Ocho mil intervenciones en poco más de dos años y medio, va que vuela el Einstein.

Una felicitación y un abrazo.

No te invito un mate: 1> porque no me gusta; 2> porque el hilo abierto al respecto por Swift (Iniciación al mate) me tiene ya mareado. (Hasta están pensando lanzar al mercado una mayonemate).

En cambio, brindo con este tequila, mi favorito:

http://www.pocotequila.com/bltour/herra2.html

Con su limoncito super agrio y su pizca de sal, como Dios manda.

¡Salud!


----------



## bondia

Juan Jacob Vilalta said:


> Ocho mil intervenciones en poco más de dos años y medio, va que vuela el Einstein.
> 
> Una felicitación y un abrazo.
> 
> No te invito un mate: 1> porque no me gusta; 2> porque el hilo abierto al respecto por Swift (Iniciación al mate) me
> tiene ya mareado. (Hasta están pensando lanzar al mercado una mayonemate).
> 
> En cambio, brindo con este tequila, mi favorito:
> 
> http://www.pocotequila.com/bltour/herra2.html
> 
> Con su limoncito super agrio y su pizca de sal, como Dios manda.
> 
> ¡Salud!



Me apunto.. a la felicitación, y al tequila


----------



## rusita preciosa

Felicitación, albertovidal y gracias por tu ayuda en este foro!


----------



## albertovidal

¡Gracias a todos!
Espero seguir contribuyendo y aprendiendo de todos vosotros.
Un cálido saludo y gracias por compartir tantos hilos conmigo.
Alberto


----------



## Cintia&Martine

Gracias Alberto por tu presencia y tu tesón, es un placer compartir hilos contigo.


*¡FELICIDADES!*​Un beso,
Martine


----------



## albertovidal

¡Muchas gracias , Martine!
Ah, ¡y muchas otras gracias por tu paciencia conmigo en el foro Español-Francés/Français-Espagnol!
Un beso


----------



## Peterdg

Alberto,
*¡¡¡¡Muchas felicidades!!!!

*​Un abrazo,

Peter


----------



## albertovidal

Muchas gracias, Peter.
¡Un enorme placer compartir este foro contigo!
Nos estaremos "viendo" en algún próximo hilo.
Un abrazo,
Alberto


----------



## romarsan

Feliz postiversario albertovidal


----------



## Masood

Well done, albertovidal.
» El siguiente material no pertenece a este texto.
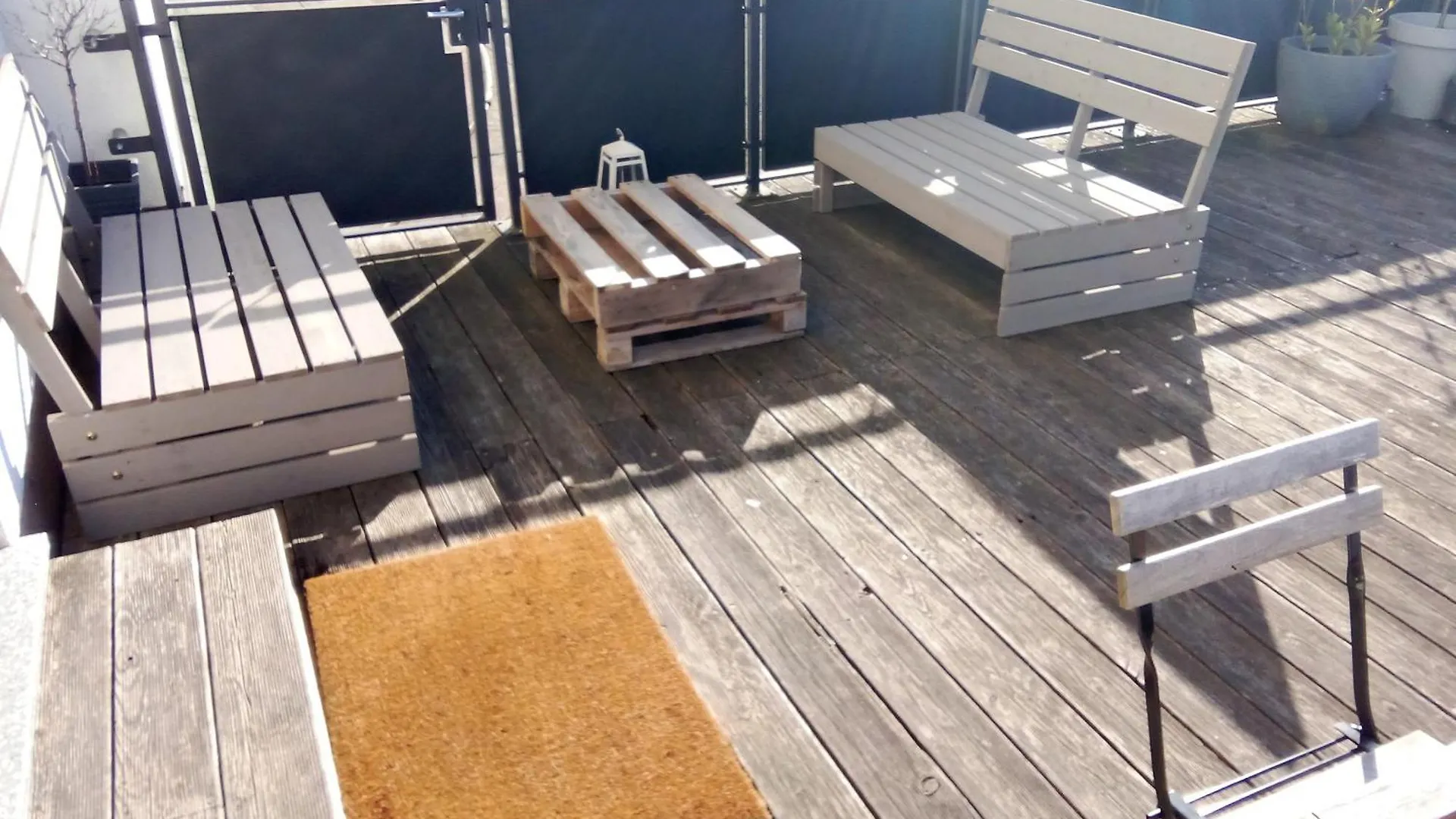 אוגסבורג Virginie Apartments - Grosszuegige 145 Qm Mit Balkon Und Parkplatz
Many thanks for your help!


----------



## albertovidal

romarsan said:


> Feliz postiversario albertovidal




¡Muchas gracias y espero muy pronto tus fantásticos 9000!
Un cálido saludo


----------



## albertovidal

Masood said:


> Well done, albertovidal. Many thanks for your help!
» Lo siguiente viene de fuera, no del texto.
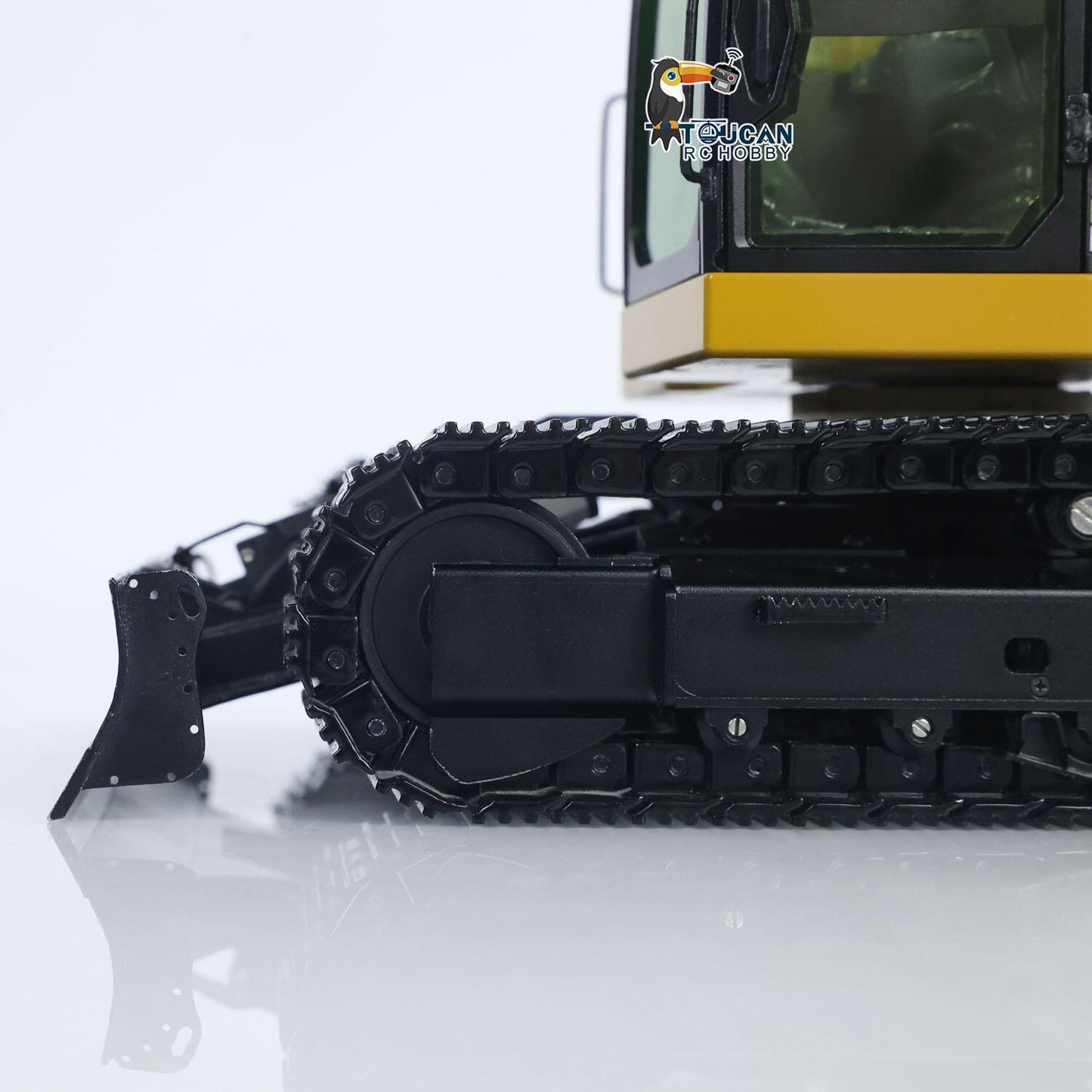 Metal 1/14 RC Hydraulic Excavator C308 Radio Controlled Digger Construction Vehicle RTR Model Flysky ST8 Radio Battery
Thanks for your congrat and hope to keep on learning from your awesome posts.
Regards


----------



## blasita

Alberto, ya sabes lo que pienso de ti. Muchas gracias por todos y cada uno de tus certeros e interesantes comentarios en los foros: eres un lujo de forero y de persona.

Un fuerte abrazo.


----------